A federal appeals court this week put on hold a judge’s ruling overturning California’s 32-year-old ban on so-called “assault weapons.”
Benitez, a George W. Bush appointee, had ruled earlier this month that the state’s decades-old ban on “assault weapons” violates the Second Amendment.
“Under no level of heightened scrutiny can the law survive.”
California laws prohibit the manufacture, use, or sale of an “assault weapon,” defined as a semiautomatic rifle with certain characteristics such as a fixed magazine that has the capacity to hold more than 10 rounds. People who violate the laws can be charged with a felony or a misdemeanor and face prison sentences of up to eight years.
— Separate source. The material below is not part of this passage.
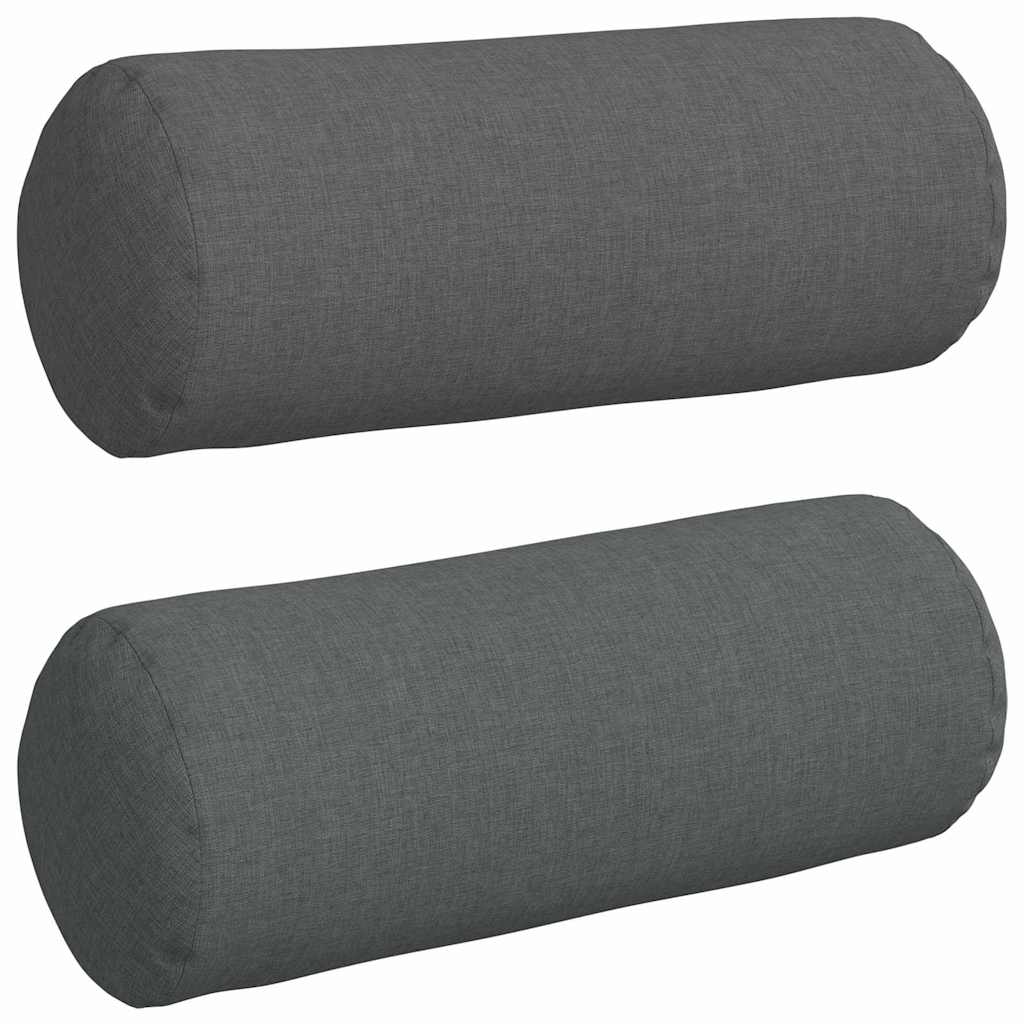 Hengerpárnák 2 pcs Sötétszürke Ø 15 x 40 cm szövet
California Attorney General Rob Bonta, who appealed Benitez’s decision, said on Twitter that California’s laws on “assault weapons” would remain in effect while appellate proceedings continue.
He had described Benitez’s June 4 ruling as “disturbing and troubling and of great concern.”
“This case is not about extraordinary weapons lying at the outer limits of Second Amendment protection. The banned ‘assault weapons’ are not bazookas, howitzers, or machineguns. Those arms are dangerous and solely useful for military purposes,” Benitez wrote in his 94-page ruling earlier this month.
“Instead, the firearms deemed ‘assault weapons’ are fairly ordinary, popular, modern rifles. This is an average case about average guns used in average ways for average purposes,” he said.
California became the first state to ban “assault weapons” in 1989 in the wake of a school shooting that killed five children. Six other states and the District of Columbia also enforce similar bans, according to the gun safety group Giffords.
The 9th Circuit judges on the panel issuing the stay were Barry Silverman, an appointee of former president Bill Clinton; Jacqueline Nguyen, a Barack Obama appointee; and Ryan Nelson, an appointee of Donald Trump.